There were similar type "Certificate of Need" regulations in Kentucky for moving companies. A man opened a moving company without getting his "Certificate of Need" permit. Of course, when the agency in charge did their investigation of him for not having the certificate, the existing moving companies had input saying there was no need for a new moving company. He fought in court & won, I believe, on restraint of trade arguments.
I would bet that many states have these type of "Certificate of Need" regulations. It is time to get rid of them.
We need a "certificate of need" before we make new laws and/or make the Government Almighty more Almighty, THAT'S where we need these certificates!

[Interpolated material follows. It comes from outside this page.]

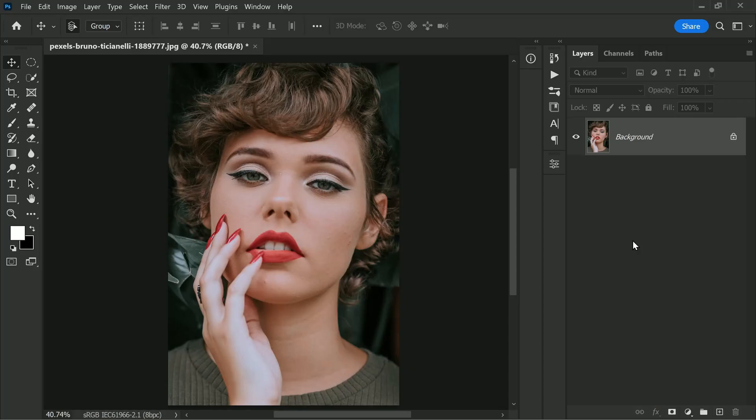Welcome back to PS Desire. Today we are going to explore a really cool technique in Photoshop called dodge and burn with soft light blending and the help of selections. This technique will help you add model-like lighting and sculpting to your photos, giving them a professional touch.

It has come to my attention that the FDA wants to force you and your smart-phone apps developers to spent "about $31 million", see http://www.post-gazette.com/pg.....d=news.xml , for each "medical" smart-phone application that is developed. At http://www.lexology.com/librar.....ab4965868e we can see that anything that? "Allows the user to input patient-specific information and, with the assistance of formulae or processing algorithms, produces a patient-specific result, diagnosis, or treatment recommendation." ? WILL be regulated!!!
"DOES THIS DRESS MAKE ME LOOK FAT!?!?"
So, knowing the history of the FDA, I can confidently predict, that, say, you or one of your apps developers that helps you sell smart phones, will, say, want to develop an app for those women who can't or won't trust their husbands and/or boyfriends, or even ANY of their multitudes of husbands and boyfriends, to honestly answer that perennially recurring, ancient old question, "DOES THIS DRESS MAKE ME LOOK FAT!?!?" So y'all devise a clever rational, mathematical, scientific analysis algorithm? Take that smart phone picture, run the program, and, wallah, like magic, THE Ancient Old Question is honestly answered! Woo-Hoo! ? But, the FDA (Praises Be!) will delay the sale or distribution of that app, by a decade or two, and inflate the price a hundred-fold? Because it is a MEDICAL APPLICATION that diagnoses obesity! Not that I am complaining; we Scienfoologists know VERY well, that Government Almighty LOVES the children, and we are ALL children, in the eyes of Government Almighty! Praises Be!
Ain't gonna happen! The system is controlled by the politicians, now. They know better than any of the doctors, don't you know!?!